Research strand three used focus groups and three main themes emerged: Barriers, Confusion, and Inclusion. Barriers to attending nutrition education included not wanting to go on a diet, not needing to lose weight, time constraints and trustworthiness of the person delivering the nutrition education session. Confusion surrounding how to meet the low salt, sugar, and fat targets and appropriate portion size were identified. Inclusion was underpinned by patients in each FG wanted to know what they could and should eat rather than what to omit as well as simple recipes and meals for one.

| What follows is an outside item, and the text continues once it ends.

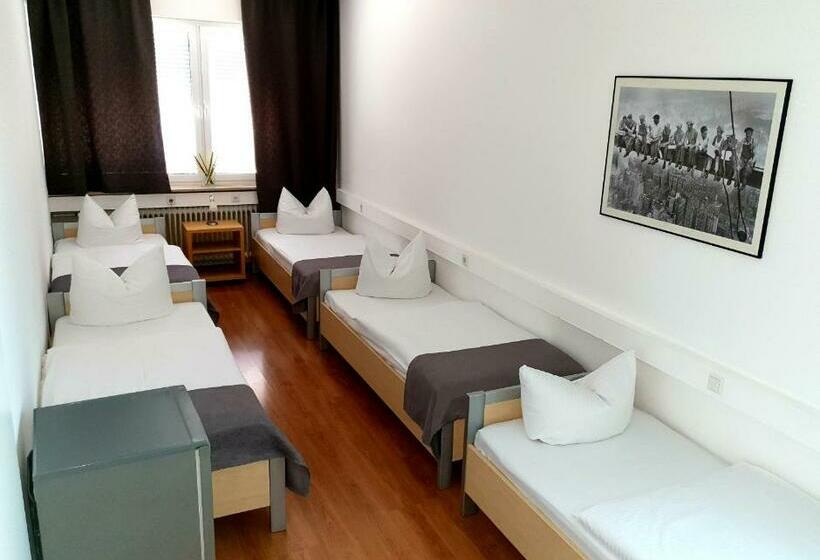 بنسيون Horn Gästehaus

Strand 4. The final research strand involved the delivery of a RCT comparing the new education programme with BL and UC. Analysis of the data from the RCT identified a significant reduction compared to baseline in all three groups for WC at 6-weeks (p=0.01) but not at 12-weeks (p=0.09), BMI at 6-weeks (p=0.02) and 12-weeks (p=0.02), and BM at 6-weeks (p=0.02) and 12 weeks (p=0.03). Med diet score significantly increased in the NE group compared to UC group (p=0.02) but not between BL and NE (p=0.15) or between BL and UC (p=1.00).There was also a significant increase in Med score from baseline to 6-weeks (P=0.01) and baseline to 12-weeks (P=0.01). The NE programme resulted in greater minimal clinically significant changes (MCID) in some key outcome measures when compared to UC or BL, these were: WC, SBP and and Med diet score when compared to UC or BL.

Conclusion
This study evaluated a previous nutrition education programme, engaged patients (strands two and three) in the needs-assessment section of the research, and identified many barriers to engaging with nutrition education and making dietary change. Misinformation from media and medical professionals alike were cited as adding to confusion and dissatisfaction with current guidelines. Nevertheless, through their shared experiences it was possible to change the negative connotations of healthy eating into positive, evidence-based nutrition advice that provided tangible results. The act of being involved in the original BL or the RCT produced positive outcomes on the selected parameters and improved risk factor profile for many individuals who participated.